**** Task material ****

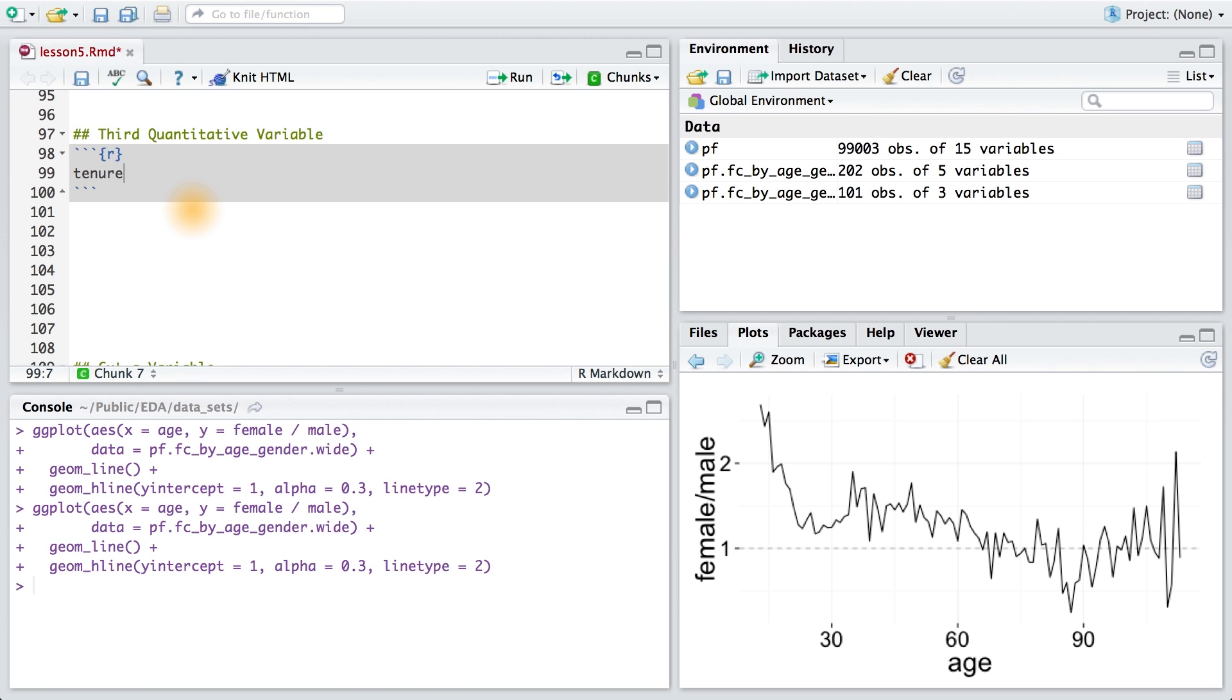Tenure, or how many days since registering with Facebook, is associated with age. The first people to start using Facebook were college students as of 2004 and 2005. I was lucky enough to be part of that group and join the site on February 3rd, 2005.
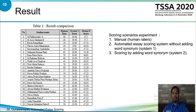From the tests, the automatic essay scoring system proves that the resulting value is objective and consistent. In contrast, when humans reassess, there is a difference in value compared to the value previously created.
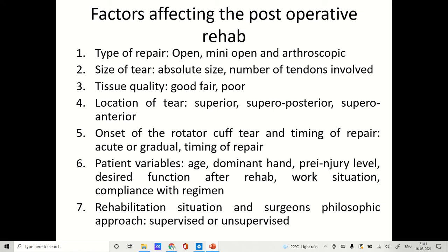Sixth is onset of rotator cuff tear and timing of repair — when the tear happened and when the patient presented to the OPD or imaging department. Patient variables include age, dominant hand, pre-injury level as recorded by a coach, and desired function after rehabilitation — whether the patient is a professional athlete, recreational player, or a normal individual, and their work situation such as heavy lifting, overhead work, or just typing.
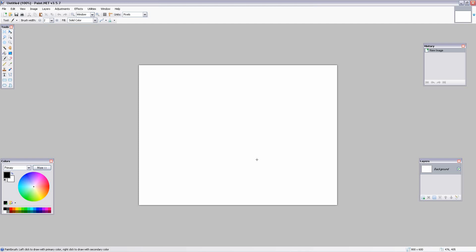Hello, this is a tutorial to show you how to use the clone stamp tool in paint.net and get rid of any residual effects after using the tool.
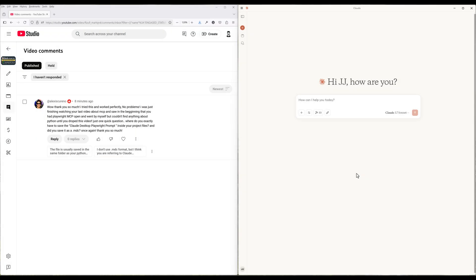I just got a question from Alex asking how to save prompts as templates in Claude Desktop. I think this is one of the many useful things with MCP that not a lot of people are aware of.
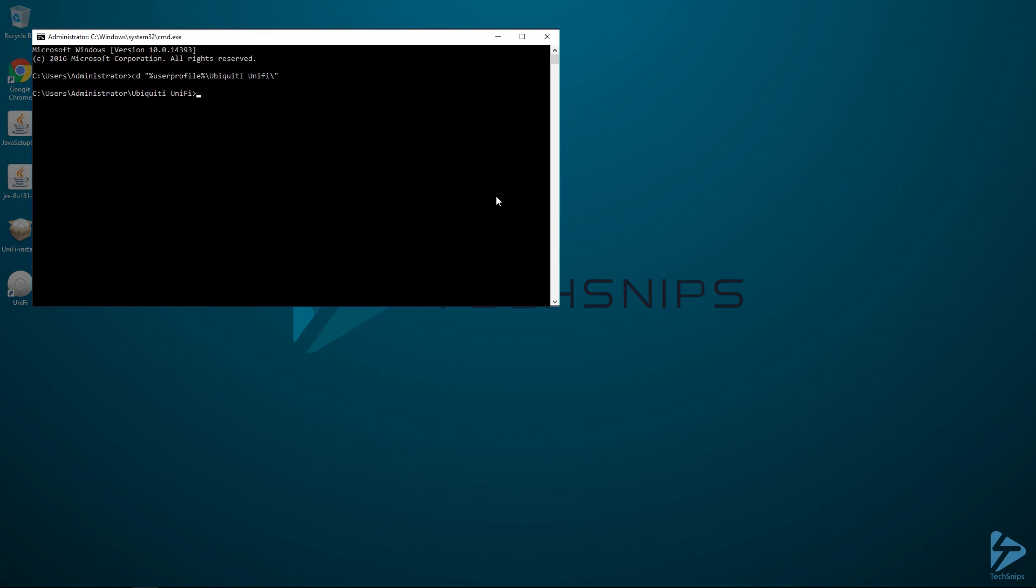The first command we'll issue is to install the service. That command creates a service and then sets it to start with the server automatically, but does not start it when it's done.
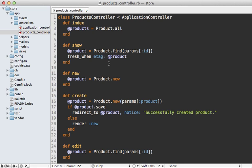So that pretty much covers it for etags. Now there's a header option that goes right along with this called last modified and you can set that through the fresh_when call as well.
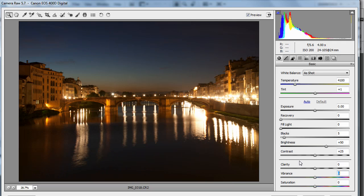Hello, Gavin Hoey here. Now if you saw my last video where I was in Florence reviewing the little mini Gorillapod tripod thing, you saw me take this picture of Florence at night, so I thought I'd show you how I processed it inside Photoshop. Now of course I was shooting in RAW, so that means I'm using Adobe Camera Raw to process the image.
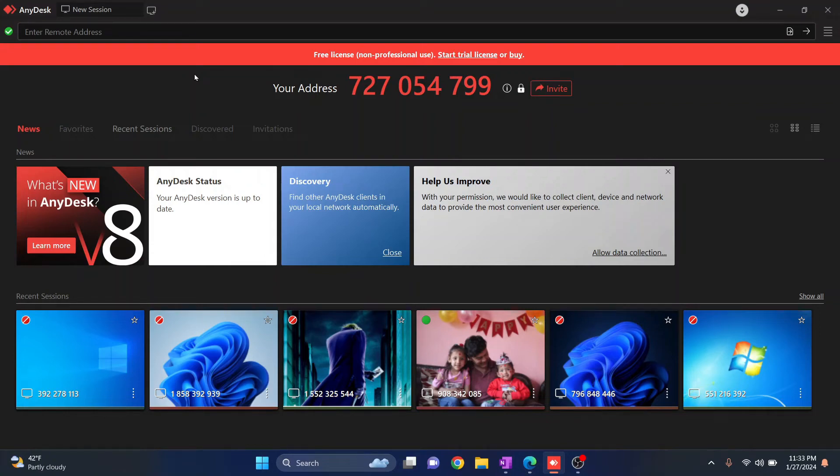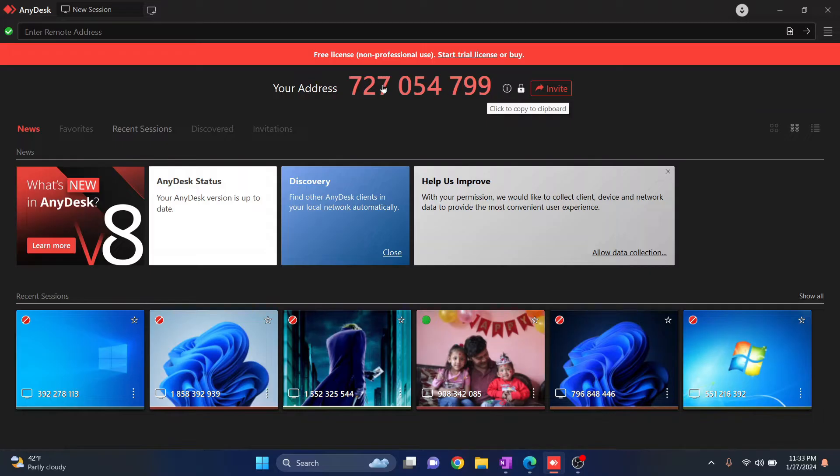Welcome to this video guys. In this video we will see how we can change our Any Desk address. As you can see right now I have an address that ends with 799, so let's see how we can change this.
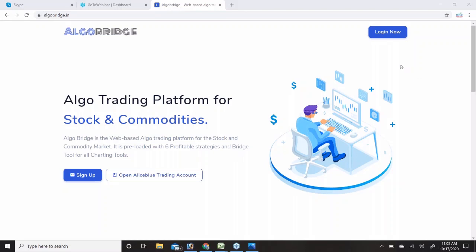Welcome to this webinar. My name is Farveen Rana and today in this session we are going to discuss about AlgoBridge. AlgoBridge is a web-based algo trading platform where you can use predefined strategies as well as other charting software for bridging.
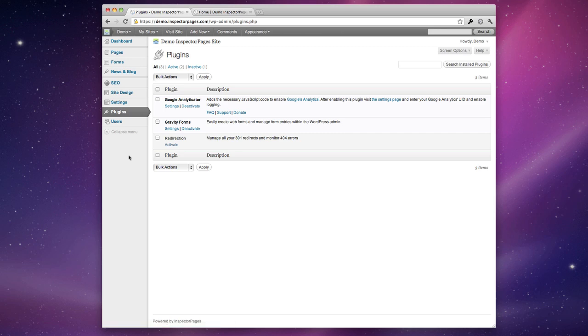Inspector Pages comes with a number of different plugins. These plugins are features that aren't necessarily enabled by default but give you additional features. The three that we have on right now are the Google Analytics plugin, the Gravity Forms plugin, and Redirection plugin.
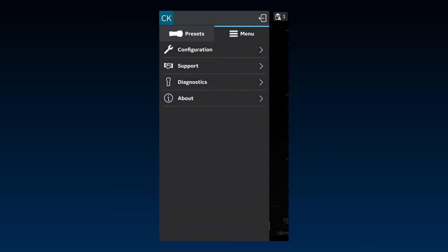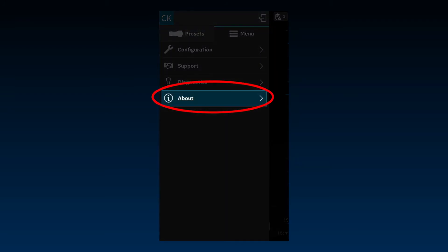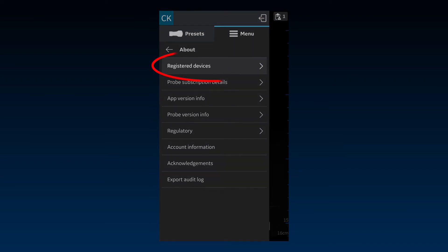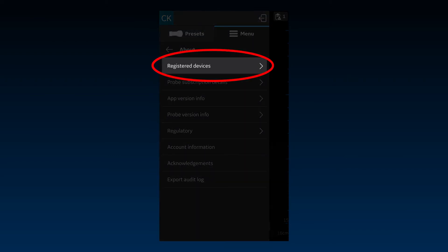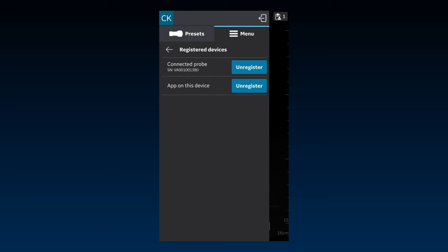You can unregister a connected probe or the app through the menu. Click on Menu, About, and Registered Devices to see the connected probe you wish to unregister. Please ensure you are connected to the network when unregistering a probe. Note, if you are using probes owned by your organization, they may be fleet-enabled probes. These probes can only be unregistered by an administrator.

****

= Task brief =
The records must be copied with no word altered, and without their pictures.

= Solved exercise =
Tenure, or how many days since registering with Facebook, is associated with age. The first people to start using Facebook were college students as of 2004 and 2005. I was lucky enough to be part of that group and join the site on February 3rd, 2005.
From the tests, the automatic essay scoring system proves that the resulting value is objective and consistent. In contrast, when humans reassess, there is a difference in value compared to the value previously created.
Sixth is onset of rotator cuff tear and timing of repair — when the tear happened and when the patient presented to the OPD or imaging department. Patient variables include age, dominant hand, pre-injury level as recorded by a coach, and desired function after rehabilitation — whether the patient is a professional athlete, recreational player, or a normal individual, and their work situation such as heavy lifting, overhead work, or just typing.
Hello, this is a tutorial to show you how to use the clone stamp tool in paint.net and get rid of any residual effects after using the tool.
I just got a question from Alex asking how to save prompts as templates in Claude Desktop. I think this is one of the many useful things with MCP that not a lot of people are aware of.
The first command we'll issue is to install the service. That command creates a service and then sets it to start with the server automatically, but does not start it when it's done.
So that pretty much covers it for etags. Now there's a header option that goes right along with this called last modified and you can set that through the fresh_when call as well.
Hello, Gavin Hoey here. Now if you saw my last video where I was in Florence reviewing the little mini Gorillapod tripod thing, you saw me take this picture of Florence at night, so I thought I'd show you how I processed it inside Photoshop. Now of course I was shooting in RAW, so that means I'm using Adobe Camera Raw to process the image.
Welcome to this video guys. In this video we will see how we can change our Any Desk address. As you can see right now I have an address that ends with 799, so let's see how we can change this.
Welcome to this webinar. My name is Farveen Rana and today in this session we are going to discuss about AlgoBridge. AlgoBridge is a web-based algo trading platform where you can use predefined strategies as well as other charting software for bridging.
Inspector Pages comes with a number of different plugins. These plugins are features that aren't necessarily enabled by default but give you additional features. The three that we have on right now are the Google Analytics plugin, the Gravity Forms plugin, and Redirection plugin.
You can unregister a connected probe or the app through the menu. Click on Menu, About, and Registered Devices to see the connected probe you wish to unregister. Please ensure you are connected to the network when unregistering a probe. Note, if you are using probes owned by your organization, they may be fleet-enabled probes. These probes can only be unregistered by an administrator.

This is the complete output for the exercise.